Computed tomography (CT) provides important medical benefits, but for patient safety it is essential that CT providers use the lowest dose of radiation consistent with achieving the needed diagnostic performance. New algorithmic approaches to image reconstruction will be critical to reducing the dose without compromising image quality;however, the development of novel approaches to image reconstruction is hampered because many image scientists do not have access to CT projection data from patient exams. We propose to develop data sets, metrics, and software tools that will help investigators create and compare new approaches to dose reduction and will guide clinical users in selecting optimized scanning parameters and reconstruction methods.
In Aim 1, we will make reference patient data sets available to researchers in a standardized format after removal of proprietary information. These data will include projection data, statistical noise maps, reconstructed images, and clinical reference information (validation of diagnosis and location, abstracted patient history) for common CT exams, as well as data simulating lower exposure levels. These data sets will greatly expand the pool of researchers that can develop and evaluate algorithms, and will permit comparison of competing approaches. The gold standard for measuring diagnostic performance, observer performance studies, is however very expensive and time consuming.

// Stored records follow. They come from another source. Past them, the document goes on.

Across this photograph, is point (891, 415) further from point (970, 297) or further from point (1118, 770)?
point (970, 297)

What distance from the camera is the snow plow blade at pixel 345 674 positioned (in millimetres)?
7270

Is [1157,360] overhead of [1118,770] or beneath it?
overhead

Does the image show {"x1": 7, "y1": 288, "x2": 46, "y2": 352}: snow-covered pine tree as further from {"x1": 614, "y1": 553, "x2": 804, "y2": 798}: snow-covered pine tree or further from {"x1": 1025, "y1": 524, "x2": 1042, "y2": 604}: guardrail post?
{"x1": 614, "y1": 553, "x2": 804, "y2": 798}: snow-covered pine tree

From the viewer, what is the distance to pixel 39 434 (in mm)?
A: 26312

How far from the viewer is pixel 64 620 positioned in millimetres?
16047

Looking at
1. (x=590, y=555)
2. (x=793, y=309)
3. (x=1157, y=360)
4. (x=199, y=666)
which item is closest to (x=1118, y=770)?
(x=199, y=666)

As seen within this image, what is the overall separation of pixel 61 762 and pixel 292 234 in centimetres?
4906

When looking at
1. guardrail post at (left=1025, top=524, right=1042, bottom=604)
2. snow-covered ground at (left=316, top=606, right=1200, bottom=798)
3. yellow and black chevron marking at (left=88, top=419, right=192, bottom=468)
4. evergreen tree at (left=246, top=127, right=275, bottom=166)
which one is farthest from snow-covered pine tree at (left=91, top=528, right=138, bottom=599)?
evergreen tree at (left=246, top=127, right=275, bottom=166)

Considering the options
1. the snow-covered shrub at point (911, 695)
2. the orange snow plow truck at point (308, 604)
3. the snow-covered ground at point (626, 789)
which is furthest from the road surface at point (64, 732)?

In Aim 2, we will develop highly automated, interactive, and freely available software tools that will facilitate rapid completion of observer performance studies in order to efficiently and meaningfully compare alternative scanning protocols and reconstruction methods. Still, because of the rapid pace of technical innovation, a substitute for efficient observer performance studies is essential to rapidly translate advances in dose reduction into patient care. Although task-based image quality metrics using model observers are attractive for this purpose, they have not been demonstrated to correlate with radiologist performance in clinical CT imaging.
In Aim 3, we will determine model observers that are substantially correlated with human observer performance in patient data for three common diagnostic tasks and for linear and non-linear image reconstruction techniques. Finally, quantitative methods are needed to assist clinical practices in choosing scanning protocol parameters that will achieve the required level of diagnostic performance using the lowest radiation dose.
In Aim 4, we will develop tools to efficiently and quantitatively optimize CT scanning protocols for specific diagnostic tasks. These tools will calculate quantitative measures of task-based image quality from easily performed phantom scans and will recommend scanning protocol parameters that will deliver the closest match to the desired level of diagnostic performance using the lowest radiation dose. This research is highly innovative and significant in that it will provide the CT community with novel data, methods, and software tools for objective evaluation and efficient optimization of scanning protocol parameters and emerging dose reduction approaches.
While computed tomography (CT) provides important medical benefits, it is essential that CT exams use the lowest dose of radiation that allows accurate diagnosis. In this work, we will develop data sets, methods, and software tools that will help investigators achieve a significant reduction in CT dose without unknowingly compromising diagnostic accuracy.